Sarala used to lay out the paans, folded into small quids. Notu Babu would fill up a silver box with them to eat later. He used to stuff a paan in his mouth and then sit with his eyes shut on an easy-chair. His colourful Kashmiri shawl used to droop down on the floor. It was as if Sarala could see it all hazily even today. That’s why she kept talking covertly, behind the scenes, inwardly, all her life, with that man alone. She badly wanted Notu Babu to at least see this play about the one whom society had deliberately abused. Made dishonourable. Let that same society come and sit in front of the monk Nimai now. Let them realise what theatre was. But that was not to be. Notu Babu suddenly fell off the rickshaw one day on his way to the rehearsal. He never rose again after suffering that fall. How the big and hefty man seemed to have shrunk and become one with the bed!
The rehearsals came to an end. As did the theatre. What a tug of war there was regarding money. The house rent was due. Money was owed at the grocer’s shop. Keshto Chatterjee ran a theatre in the commercial district in Dalhousie Square. He came often to their troupe. He had told Sarala quite a few times in the past to come and act there. She had beauty, glamour, and fame. They would pay her well. ‘What’s the harm in being intimate with educated babus?’ Sarala paid no heed.
When she stood on stage, the entire hall broke into applause. When the audience liked the dialogue, they screamed, “Encore! Encore!” Some people placed bouquets of flowers near her feet at the end of the show. They threw paper planes of love letters at her. Those who dared, came up to her and said they would give her the life of a queen. But Sarala shut the door on all their faces and loved the theatre alone — the theatre in which Notu Babu alone was the presiding deity. How on earth could that very same Sarala go to Dalhousie Square and rent herself out!

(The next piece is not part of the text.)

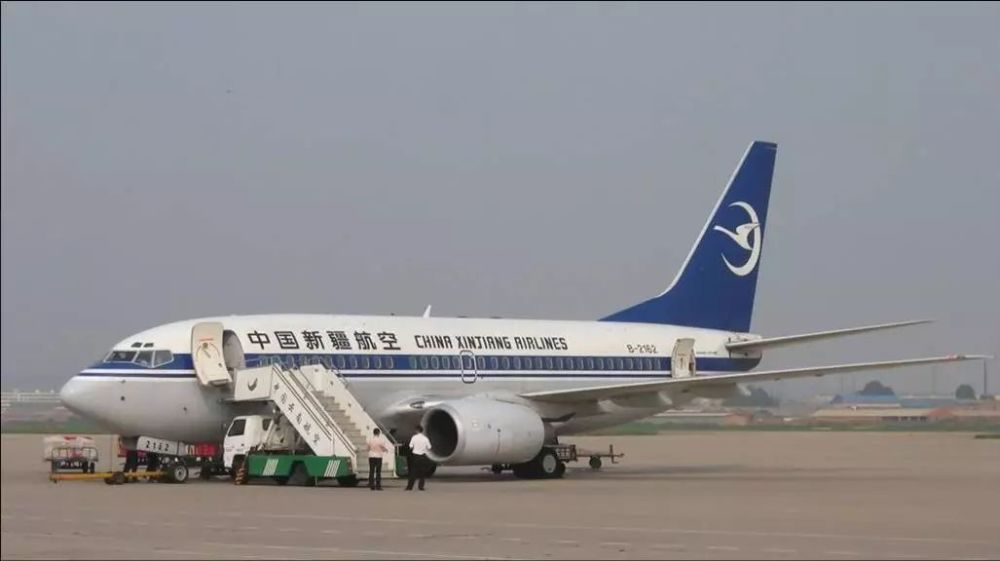 1997年12月,原新疆航空从美国接回第一架波音737-300机型,最大载客量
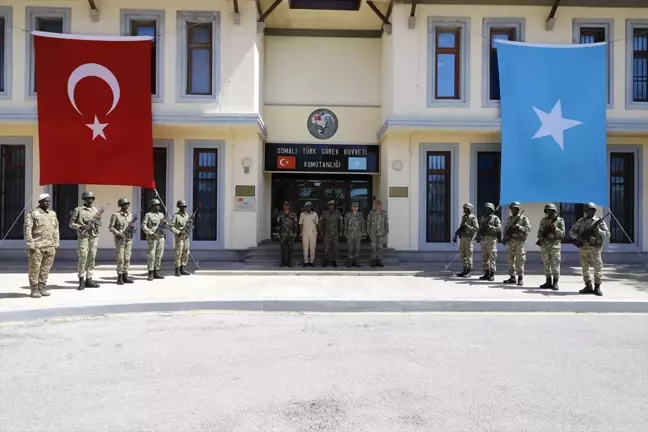 Somali'deki Anadolu Kışlası'nda Astsubay ve Subay Adaylarının Mezuniyet ve Yemin Töreni Gerçekleştirildi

But she had to go, much later. When she was completely broken in body and mind. She had applied make-up and acted in a theatre which was a hobby of some babus. She had wanted to share her innermost thoughts with Notu Babu. But the people of his household did not let Sarala enter. She had to return from the main door that bore a lion motif. She had rushed to the cremation ground as soon as she heard about his death. All she saw there was the pyre burning afar.
*
There came a time when the dramas in Dalhousie Square too vanished. Her youth vanished. Her beauty too. Nor were there any more people who wanted to have fun with her body of flesh and blood. When the house she lived in was going to be demolished for redevelopment, Sarala had gone to the ghat on the bank of the Ganga one night. She stood there clutching the Kashiram Das’s Mahabharata to her bosom. She had wondered, had anyone else ever rendered Draupadi more naked than this? “Did you ever get such a large stage anywhere, Notu Babu!” This platform beside the Ganga. Under an ancient banyan. Next to such a big crematorium, with an electric furnace. If Sarala died that night, who would care a whit?
But Sarala didn’t die. She wanted to act again one final time. After dunking herself in Ma Ganga, she had sat on the platform in the ghat and spread Kashiram Das’s Mahabharata in front of her. Those who had come to bathe in the river in the morning saw an ancient lady opening a tattered book and reciting something tunefully. None of them were competent to say whether that was the Mahabharata, or the Ramayana. Some of them were hurrying to work. Some others had come to earn merit by immersing themselves in the river.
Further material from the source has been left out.